Kennedy aboard the torpedo boat he commanded in the second world war as a naval lieutenant (Photo by MPI/Getty Images)
With Jackie at Kennedy’s family home in Hyannis Port, Massachusetts, a few months before their wedding (Photo via Getty)
At the wheel of a U.S. Coastguard yacht while on holiday in Maine, 1962
All this served to burnish the J.F.K. brand, along with something more ineffable, and which a friend of his, the journalist Ben Bradlee, defined in the title of his 1964 book about Kennedy as That Special Grace. It was there in his pragmatic good looks and athletic mien; it was there in his equally charismatic wife and children. Think of those Slim Aarons-esque images of the president, in Wayfarers and windbreaker, sailing in his yacht, the Honey Fitz, off Hyannis Port, or the informal shots of him playing with his children in the Oval Office, or with his daughter Caroline seated on his lap aboard Air Force One. Think, also, of the crisp, modern lines of his presidential attire. “He was careful to give that unstudied sense of ease in his dress that he cultivated in his press conferences,” wrote the author and menswear historian G. Bruce Boyer, “a nice balance of seriousness and lightness, profundity and humour, calculated intuitiveness.” Kennedy adopted what Boyer calls “a modified Ivy League style, an Eastern Establishment business look”, with “two-button, pinstriped and dark grey worsted suits, cut in a modified Ivy style with small, soft shoulders, shallow chest, and little waist suppression — perfect in their simplicity”. Off-duty, “polo shirts, and boating shoes without socks, became a weekend uniform”. And to hone his man-of-the-moment aesthetic further, Kennedy was the first president to go largely hatless.
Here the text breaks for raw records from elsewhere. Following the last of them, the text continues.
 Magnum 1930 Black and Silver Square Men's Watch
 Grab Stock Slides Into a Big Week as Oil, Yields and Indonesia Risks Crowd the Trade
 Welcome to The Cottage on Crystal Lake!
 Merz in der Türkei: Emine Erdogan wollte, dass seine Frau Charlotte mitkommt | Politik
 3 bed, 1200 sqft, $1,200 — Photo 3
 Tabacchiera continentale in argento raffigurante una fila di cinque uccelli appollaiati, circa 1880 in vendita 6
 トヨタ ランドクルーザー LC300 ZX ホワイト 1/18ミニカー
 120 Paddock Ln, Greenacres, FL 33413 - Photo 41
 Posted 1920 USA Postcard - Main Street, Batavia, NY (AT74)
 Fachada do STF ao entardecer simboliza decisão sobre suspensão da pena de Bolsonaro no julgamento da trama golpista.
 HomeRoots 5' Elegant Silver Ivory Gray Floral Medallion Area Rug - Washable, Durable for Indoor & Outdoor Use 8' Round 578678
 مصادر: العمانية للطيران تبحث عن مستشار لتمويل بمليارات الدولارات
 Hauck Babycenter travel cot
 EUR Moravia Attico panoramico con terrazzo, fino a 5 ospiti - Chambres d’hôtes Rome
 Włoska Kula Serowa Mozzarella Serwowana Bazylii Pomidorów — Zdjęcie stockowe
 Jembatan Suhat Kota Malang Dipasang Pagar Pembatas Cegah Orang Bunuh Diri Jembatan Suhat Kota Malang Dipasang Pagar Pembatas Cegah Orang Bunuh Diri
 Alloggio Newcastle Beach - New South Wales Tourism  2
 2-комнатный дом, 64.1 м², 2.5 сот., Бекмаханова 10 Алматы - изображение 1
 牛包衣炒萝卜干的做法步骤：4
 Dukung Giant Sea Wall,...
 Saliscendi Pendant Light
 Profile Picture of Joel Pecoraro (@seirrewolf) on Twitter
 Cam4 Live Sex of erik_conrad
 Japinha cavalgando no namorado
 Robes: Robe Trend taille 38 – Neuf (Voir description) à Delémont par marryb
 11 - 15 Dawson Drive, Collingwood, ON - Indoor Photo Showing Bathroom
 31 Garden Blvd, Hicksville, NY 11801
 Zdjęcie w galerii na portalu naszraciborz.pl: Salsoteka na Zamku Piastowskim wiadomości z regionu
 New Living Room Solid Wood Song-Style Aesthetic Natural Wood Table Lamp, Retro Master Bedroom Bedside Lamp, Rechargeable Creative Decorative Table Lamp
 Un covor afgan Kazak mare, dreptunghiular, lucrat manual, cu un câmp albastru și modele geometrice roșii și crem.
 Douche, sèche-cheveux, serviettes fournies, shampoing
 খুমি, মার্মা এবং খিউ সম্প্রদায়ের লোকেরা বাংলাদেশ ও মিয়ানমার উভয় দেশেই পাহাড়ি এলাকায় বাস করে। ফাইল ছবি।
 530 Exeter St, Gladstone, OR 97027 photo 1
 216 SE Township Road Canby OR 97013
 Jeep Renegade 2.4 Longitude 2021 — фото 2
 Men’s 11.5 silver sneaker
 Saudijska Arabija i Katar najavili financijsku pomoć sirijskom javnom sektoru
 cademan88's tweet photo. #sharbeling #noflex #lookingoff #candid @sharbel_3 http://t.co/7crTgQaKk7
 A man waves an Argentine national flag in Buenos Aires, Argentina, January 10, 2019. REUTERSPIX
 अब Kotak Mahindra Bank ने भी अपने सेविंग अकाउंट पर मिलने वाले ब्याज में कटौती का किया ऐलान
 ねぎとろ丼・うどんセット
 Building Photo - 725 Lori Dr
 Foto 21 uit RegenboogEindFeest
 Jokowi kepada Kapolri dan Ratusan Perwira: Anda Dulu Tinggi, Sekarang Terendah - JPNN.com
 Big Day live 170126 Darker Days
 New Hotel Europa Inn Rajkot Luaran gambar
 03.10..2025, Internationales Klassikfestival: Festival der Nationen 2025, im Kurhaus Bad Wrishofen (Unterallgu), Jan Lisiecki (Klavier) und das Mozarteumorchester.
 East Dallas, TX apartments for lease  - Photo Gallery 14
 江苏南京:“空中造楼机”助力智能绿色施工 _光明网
Long before Ronald Reagan, J.F.K. became the first movie star to occupy the White House, inspiring reverence among his inner circle. The journalist and historian Theodore White, one of that circle, wrote in his memoirs: “I still have difficulty seeing John F. Kennedy clear. The image of him that comes back to me… is so clean and graceful — almost as if I can still see him skip up the steps of his airplane in that half lope, and then turn, flinging out his arm in farewell to the crowd, before disappearing inside. It was a balletic movement.”
With Rat Pack member and Oceans 11 star Peter Lawford, 1960
Kennedy with his wife, Jacqueline, and their children, Caroline and John Jr. on Easter Sunday in Miami, 1963 (Photo by MPI/Getty Images)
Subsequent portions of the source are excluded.